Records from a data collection
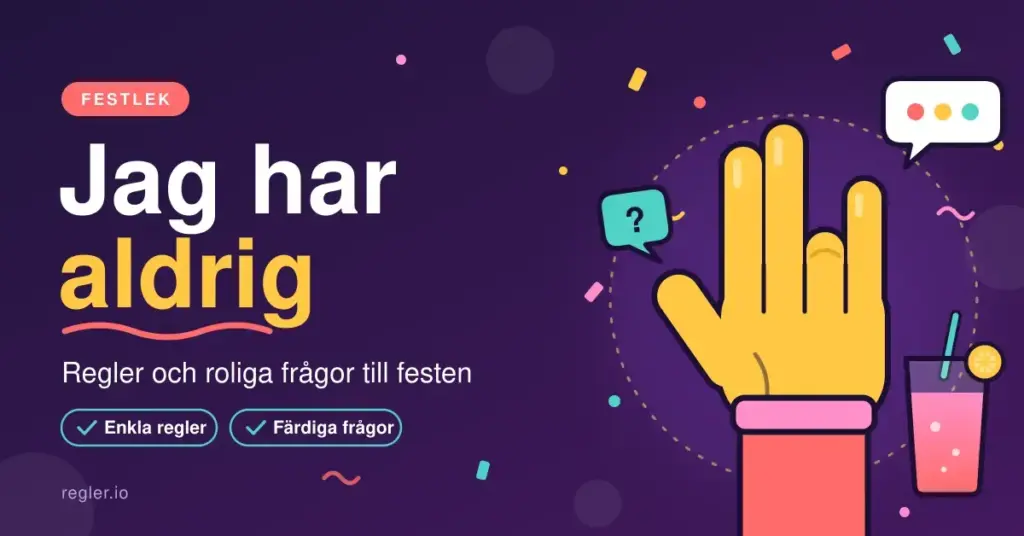 Illustration av en tecknad hand som håller upp fingrarna med ett finger nedvikt, omgiven av pratbubblor, konfetti och en färgglad drink, bredvid texten ”Jag har aldrig – Regler och roliga frågor till festen”.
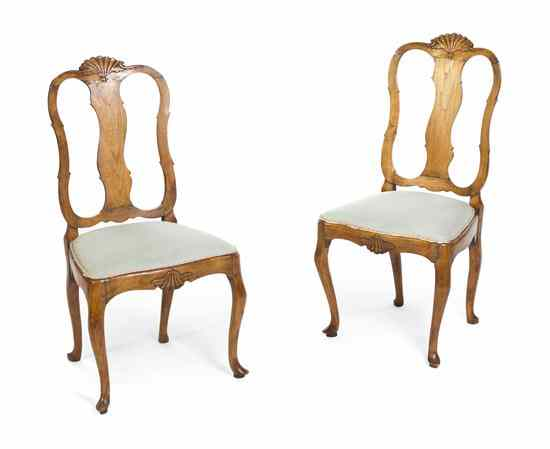 A Pair of Queen Anne Style Oak Side Chairs each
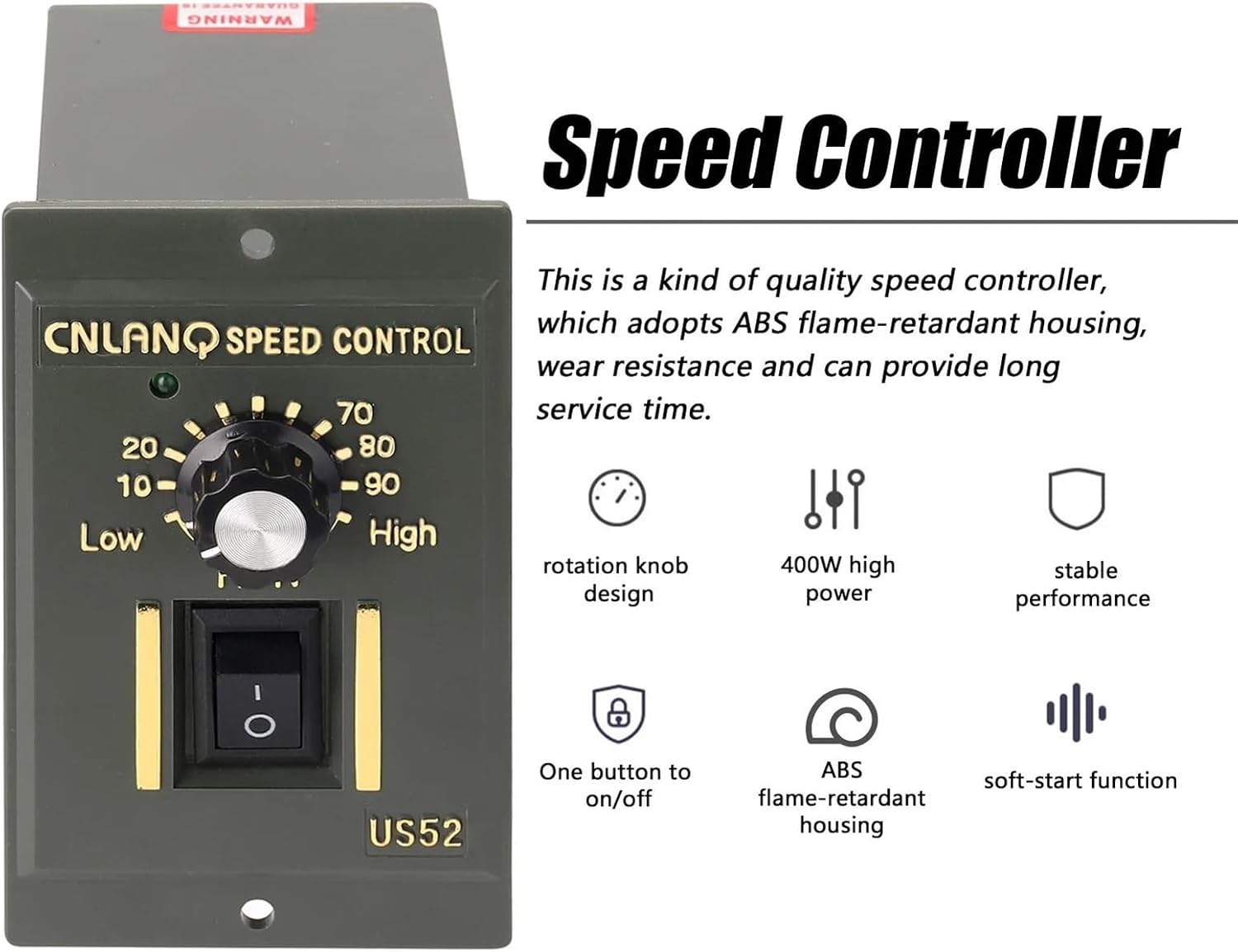 400W Motor Speed Controller AC220V ABS Pinpoint Regulator Control Device with Indicator Light Corotation and Reverse Adjustable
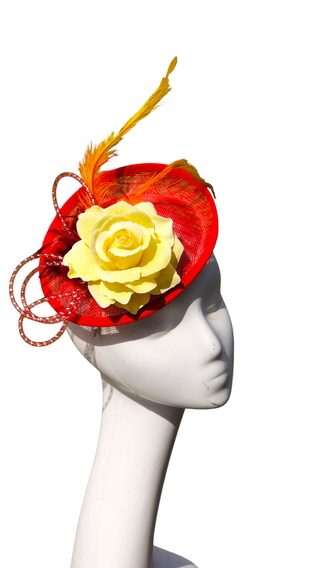 fascinator with yellow dress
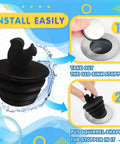 Two Pack Black Silicone Tub Stopper Shaped Like A Squirrel for bathtub, shower, and kitchen sink drains with easy install steps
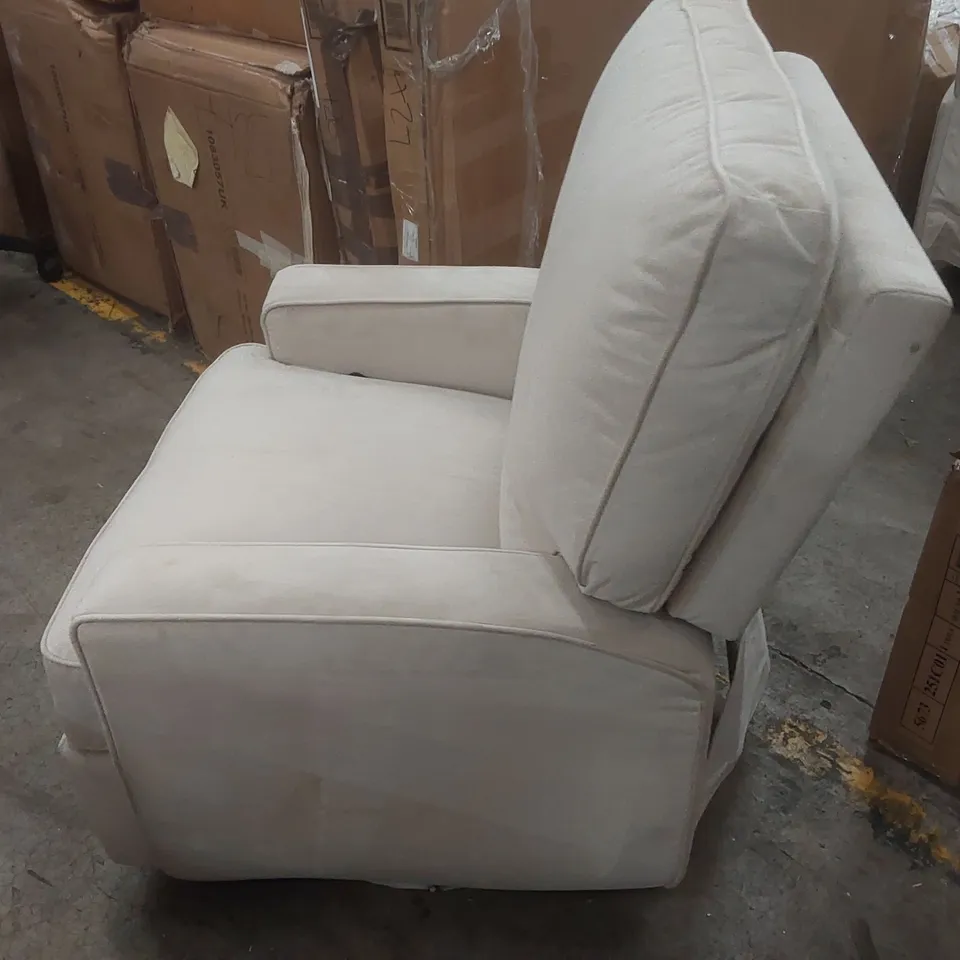 DESIGNER FABRIC UPHOLSTERED SWIVEL/ROCKING ARMCHAIR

-- INSTRUCTIONS FOR THE TASK --
The range runs from the line containing "Two Pack Black" through the end of the entries; print those lines exactly and leave the pictures out.

-- FINAL ANSWER --
 Two Pack Black Silicone Tub Stopper Shaped Like A Squirrel for bathtub, shower, and kitchen sink drains with easy install steps
 DESIGNER FABRIC UPHOLSTERED SWIVEL/ROCKING ARMCHAIR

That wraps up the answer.